# Good plow truck?



## Kollerman (Jan 2, 2008)

Guys,

A guy in my town has a 2000 silverado reg cab long bed for sale. Truck has 213,000 on a 4.8L. He wants $2,000 for it. (pictures is attached). I also have a buddy that bought a Western HTS about 2 years ago for his 1500, but he now got a 2500 and needs a bigger plow. My buddy told me he would sell the entire plow setup to me for $2500. So, for $4500, I could have a complete plow package.

Does this sound like a good deal? I know the truck has a lot of miles on it, but it is in pretty good shape. And it would only be used for plowing and lawn work in the summer. Nothing else.
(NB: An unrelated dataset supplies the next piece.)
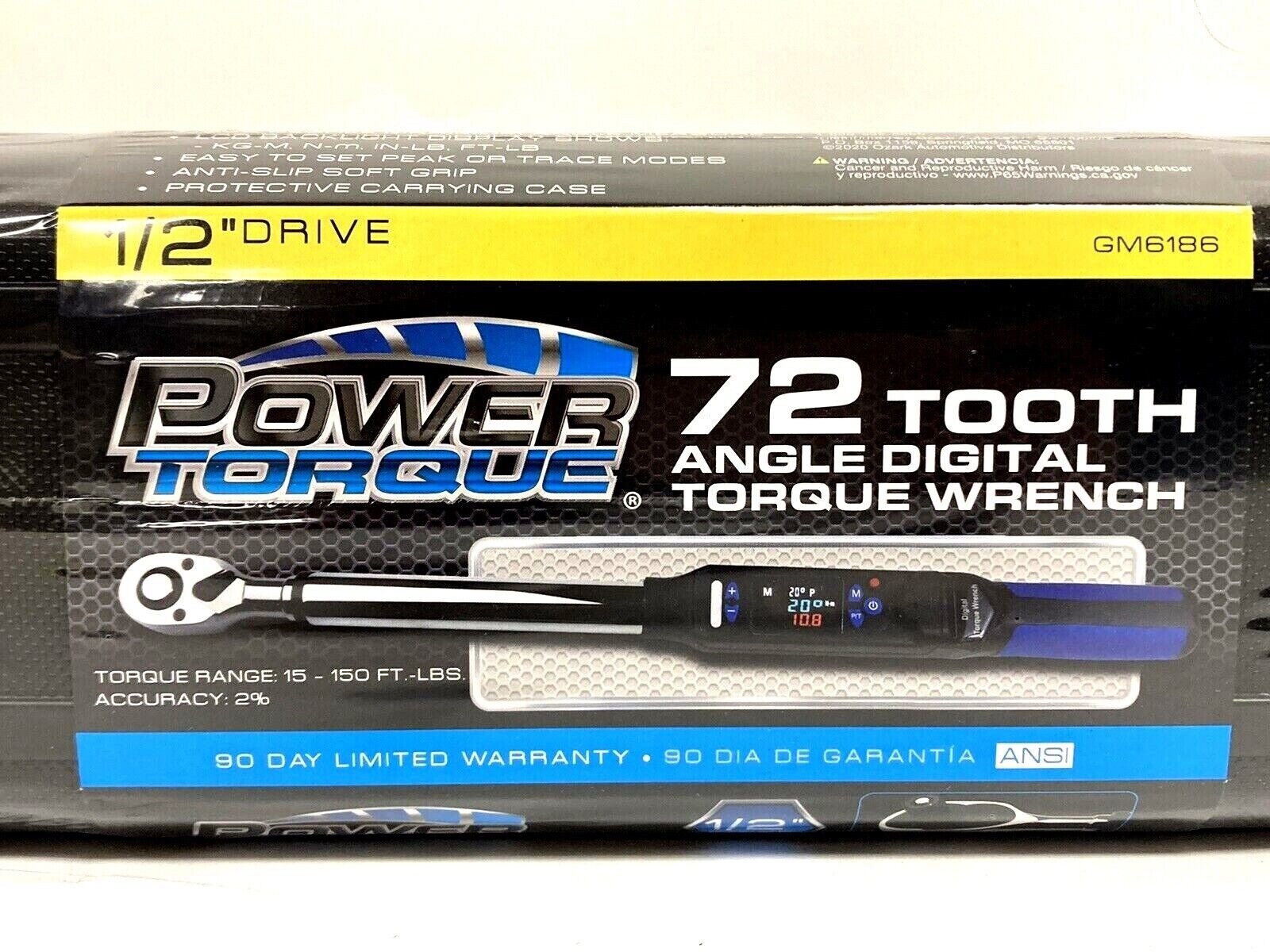 New Power Torque 72 Tooth Angle Digital 1/2” Drive Torque Wrench 15-150 Ft Lbs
I just bought my 2007 2500HD, but don't really want to put a plow on it.

Thanks for the input.

Jeremy


----------



## I RocDuP I (Dec 5, 2011)

Save yourself the money and put the plow on your 07. Dont beat the **** out of it and it will serve you well. A truck with over 200,000 IMO is a little to old to start plowing with. But it depends, what has been changed out on the 2000. Is it an original transmission? IMHO put the plow on your 2500. I put a 8' Hiniker on my 2011 1500 Chevy and I think it does the job well. I think that a HTS might be a drop small for the truck


----------



## chevyzrule810 (Oct 5, 2010)

I would buy the truck and the setup and use it for plowing and landscaping. Don't put a plow on the 2007.Leave it as a nice personal truck.If something goes wrong with the 2000 you can always sell the plow setup.I think the truck and the plow setup will pay for itself this season.


----------



## buttaluv (Dec 8, 2000)

buy the 2000, and depending on the price of the truckside, put that on the 07, and you can use only in an emergency...I would hate to use a newer truck to plow with...granted you want something dependable...it's a double edged sword!


----------



## the new boss 92 (Nov 29, 2008)

i would buy it. anything with over 200k miles doesnt scare me. my last truck had 325, and my 2500 has 250. its tells me 2 things it has made it this far so it hasn't been neglected and it has been drive and not sat around. its not good for a truck to sit month after month all the oil drains out of the top end and main's. make's for a good dry start and wears stuff out early!


----------



## woodchuck2 (Dec 4, 2010)

Check the frame for rot, no point in buying it and putting a plow on it just to have it break in half. Been seeing a lot of the 99 and newer 1/2 tons with bad frames due to rot.


----------



## mycirus (Dec 6, 2008)

For 2000 bucks I would jump on it. Sounds like a deal.


----------



## tuna (Nov 2, 2002)

chevyzrule810;1447159 said:


> I would buy the truck and the setup and use it for plowing and landscaping. Don't put a plow on the 2007.Leave it as a nice personal truck.If something goes wrong with the 2000 you can always sell the plow setup.I think the truck and the plow setup will pay for itself this season.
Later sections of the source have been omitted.